Ultimately 258 sailors—all African American—refused to load ammunition and were imprisoned in what the Navy and the press characterized as a “mutiny”. Fifty were later tried in a mass Navy court martial on Yerba Buena Island, within sight of Berkeley.
The trial was attended by future Supreme Court Justice Thurgood Marshall, then the general counsel for the NAACP. After the men were convicted and sentenced to up to 15 years of hard labor, Marshall organized a nationwide petition and letter writing campaign objecting to not only the sentences but the unfair and biased procedures of the court martial.

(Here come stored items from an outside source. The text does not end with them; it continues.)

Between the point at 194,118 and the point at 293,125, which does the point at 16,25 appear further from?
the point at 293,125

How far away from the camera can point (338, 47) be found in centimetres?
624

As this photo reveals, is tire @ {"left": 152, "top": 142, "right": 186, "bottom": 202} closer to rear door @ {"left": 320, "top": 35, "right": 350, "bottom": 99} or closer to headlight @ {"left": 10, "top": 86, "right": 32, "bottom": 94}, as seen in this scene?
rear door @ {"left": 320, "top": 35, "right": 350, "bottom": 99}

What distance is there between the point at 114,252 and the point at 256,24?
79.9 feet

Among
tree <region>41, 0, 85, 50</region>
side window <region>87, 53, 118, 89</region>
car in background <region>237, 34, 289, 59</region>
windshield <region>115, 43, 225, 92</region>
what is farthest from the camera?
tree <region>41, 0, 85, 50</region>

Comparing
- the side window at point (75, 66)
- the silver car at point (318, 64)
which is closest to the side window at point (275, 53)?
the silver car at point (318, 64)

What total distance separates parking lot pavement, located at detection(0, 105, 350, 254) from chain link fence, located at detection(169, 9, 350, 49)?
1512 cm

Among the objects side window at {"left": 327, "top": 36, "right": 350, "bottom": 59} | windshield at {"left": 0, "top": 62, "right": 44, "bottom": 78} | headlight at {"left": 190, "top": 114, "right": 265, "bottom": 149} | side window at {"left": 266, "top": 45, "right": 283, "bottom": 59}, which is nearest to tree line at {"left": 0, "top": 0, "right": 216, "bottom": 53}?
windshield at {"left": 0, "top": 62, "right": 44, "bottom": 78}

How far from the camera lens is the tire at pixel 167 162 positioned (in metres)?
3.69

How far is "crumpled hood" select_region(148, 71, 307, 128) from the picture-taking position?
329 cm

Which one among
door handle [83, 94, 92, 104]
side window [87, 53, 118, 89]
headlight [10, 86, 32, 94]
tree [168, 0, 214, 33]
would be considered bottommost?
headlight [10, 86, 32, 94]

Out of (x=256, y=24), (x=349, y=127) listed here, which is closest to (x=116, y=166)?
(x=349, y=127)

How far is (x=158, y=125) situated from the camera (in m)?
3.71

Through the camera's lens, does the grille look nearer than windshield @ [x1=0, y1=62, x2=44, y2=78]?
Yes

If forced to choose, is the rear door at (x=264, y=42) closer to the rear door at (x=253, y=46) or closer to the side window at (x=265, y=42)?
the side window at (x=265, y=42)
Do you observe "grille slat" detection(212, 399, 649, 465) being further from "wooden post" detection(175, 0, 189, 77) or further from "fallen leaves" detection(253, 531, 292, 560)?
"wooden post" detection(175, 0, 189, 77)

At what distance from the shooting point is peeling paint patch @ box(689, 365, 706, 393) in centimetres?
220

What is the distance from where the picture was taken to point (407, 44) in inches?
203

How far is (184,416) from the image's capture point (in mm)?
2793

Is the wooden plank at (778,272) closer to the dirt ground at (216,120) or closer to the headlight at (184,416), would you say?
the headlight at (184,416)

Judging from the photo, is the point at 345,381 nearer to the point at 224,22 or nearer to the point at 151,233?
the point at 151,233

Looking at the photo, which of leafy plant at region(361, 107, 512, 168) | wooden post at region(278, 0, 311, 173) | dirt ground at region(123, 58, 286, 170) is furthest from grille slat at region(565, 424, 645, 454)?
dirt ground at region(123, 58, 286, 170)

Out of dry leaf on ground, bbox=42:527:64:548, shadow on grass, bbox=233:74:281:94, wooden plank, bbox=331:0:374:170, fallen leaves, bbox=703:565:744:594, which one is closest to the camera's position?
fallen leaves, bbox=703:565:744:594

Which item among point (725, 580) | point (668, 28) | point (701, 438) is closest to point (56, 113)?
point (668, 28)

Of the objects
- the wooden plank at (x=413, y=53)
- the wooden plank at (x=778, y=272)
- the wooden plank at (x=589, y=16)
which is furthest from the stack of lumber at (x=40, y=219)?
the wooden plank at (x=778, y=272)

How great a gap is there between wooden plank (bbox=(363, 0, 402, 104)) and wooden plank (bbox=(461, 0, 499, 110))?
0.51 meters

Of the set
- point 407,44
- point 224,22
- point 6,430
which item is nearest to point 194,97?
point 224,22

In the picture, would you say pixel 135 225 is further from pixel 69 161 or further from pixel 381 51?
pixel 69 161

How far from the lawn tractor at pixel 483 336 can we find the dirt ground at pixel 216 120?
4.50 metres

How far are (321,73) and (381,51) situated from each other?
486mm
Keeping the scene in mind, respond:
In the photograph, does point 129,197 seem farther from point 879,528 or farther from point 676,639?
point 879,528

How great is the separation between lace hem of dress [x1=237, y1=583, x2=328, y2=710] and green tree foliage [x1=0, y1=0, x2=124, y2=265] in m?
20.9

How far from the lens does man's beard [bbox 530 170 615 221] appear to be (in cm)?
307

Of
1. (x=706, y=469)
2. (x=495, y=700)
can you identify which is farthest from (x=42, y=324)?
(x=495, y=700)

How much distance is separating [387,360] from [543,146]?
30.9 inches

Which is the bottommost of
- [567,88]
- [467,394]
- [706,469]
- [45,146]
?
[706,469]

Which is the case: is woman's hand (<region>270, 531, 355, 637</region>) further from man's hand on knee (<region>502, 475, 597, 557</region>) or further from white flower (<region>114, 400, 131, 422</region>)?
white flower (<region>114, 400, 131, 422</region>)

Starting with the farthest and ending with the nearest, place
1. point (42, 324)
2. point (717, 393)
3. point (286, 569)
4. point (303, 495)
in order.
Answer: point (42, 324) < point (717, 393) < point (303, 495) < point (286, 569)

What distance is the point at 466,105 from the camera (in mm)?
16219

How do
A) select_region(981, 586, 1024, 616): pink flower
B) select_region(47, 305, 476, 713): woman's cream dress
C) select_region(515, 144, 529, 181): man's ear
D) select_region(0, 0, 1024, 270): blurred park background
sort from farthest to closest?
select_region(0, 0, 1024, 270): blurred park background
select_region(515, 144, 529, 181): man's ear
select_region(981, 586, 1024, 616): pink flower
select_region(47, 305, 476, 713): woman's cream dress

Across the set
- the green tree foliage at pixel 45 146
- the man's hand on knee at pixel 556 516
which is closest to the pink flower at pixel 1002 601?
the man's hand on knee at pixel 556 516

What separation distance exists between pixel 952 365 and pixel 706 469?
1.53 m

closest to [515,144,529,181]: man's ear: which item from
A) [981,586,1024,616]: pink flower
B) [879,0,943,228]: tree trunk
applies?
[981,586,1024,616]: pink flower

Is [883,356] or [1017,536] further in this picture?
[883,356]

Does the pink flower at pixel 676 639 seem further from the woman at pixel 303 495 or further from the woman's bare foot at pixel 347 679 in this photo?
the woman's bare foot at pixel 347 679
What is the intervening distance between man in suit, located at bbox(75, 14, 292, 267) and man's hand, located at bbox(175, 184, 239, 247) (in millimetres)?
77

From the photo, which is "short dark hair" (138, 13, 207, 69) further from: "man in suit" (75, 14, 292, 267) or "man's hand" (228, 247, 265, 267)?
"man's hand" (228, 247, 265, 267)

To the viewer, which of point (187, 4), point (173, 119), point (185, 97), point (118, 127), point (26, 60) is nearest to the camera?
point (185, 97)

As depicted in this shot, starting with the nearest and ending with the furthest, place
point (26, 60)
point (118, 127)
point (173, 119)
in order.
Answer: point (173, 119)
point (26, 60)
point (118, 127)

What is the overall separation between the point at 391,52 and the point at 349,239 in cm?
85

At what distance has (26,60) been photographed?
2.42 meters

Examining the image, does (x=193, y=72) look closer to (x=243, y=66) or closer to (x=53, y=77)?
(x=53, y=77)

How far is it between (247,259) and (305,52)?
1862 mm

The campaign reached as far as the White House, where Eleanor Roosevelt informally encouraged the Secretary of the Navy to reconsider the matter. The Navy ultimately reconvened the courts-martial, but then affirmed the convictions.
Still, the issue of discrimination and unequal treatment of African-Americans in the military had been prominently raised. In 1946 the last of the sailors who had been courts martialed were released, long before their sentences ran out. The same year the Navy became the first of the Armed Services to fully de-segregate.
Postscript
As an ironic local follow-up to the Port Chicago disaster, during the Cold War that followed World War II civil defense planning for the Bay Area designated various rural communities where urban residents should congregate if there was a nuclear attack.
Berkeley, of course, would be a prime bombing target because of what is now the Lawrence Berkeley National Laboratory and the prominence of the campus in atomic research.
Berkeley was assigned the then small town of Antioch, just east of Port Chicago, as a place to shelter and assemble if a nuclear attack threatened or occurred.
So in the 50s and 60s tens of thousands of Berkeleyans—many of them still with memories of that night in 1944—might have found themselves trekking towards elusive safety near the site of a disaster where an explosion the magnitude of a small nuclear bomb had once flashed across the local landscape and sky.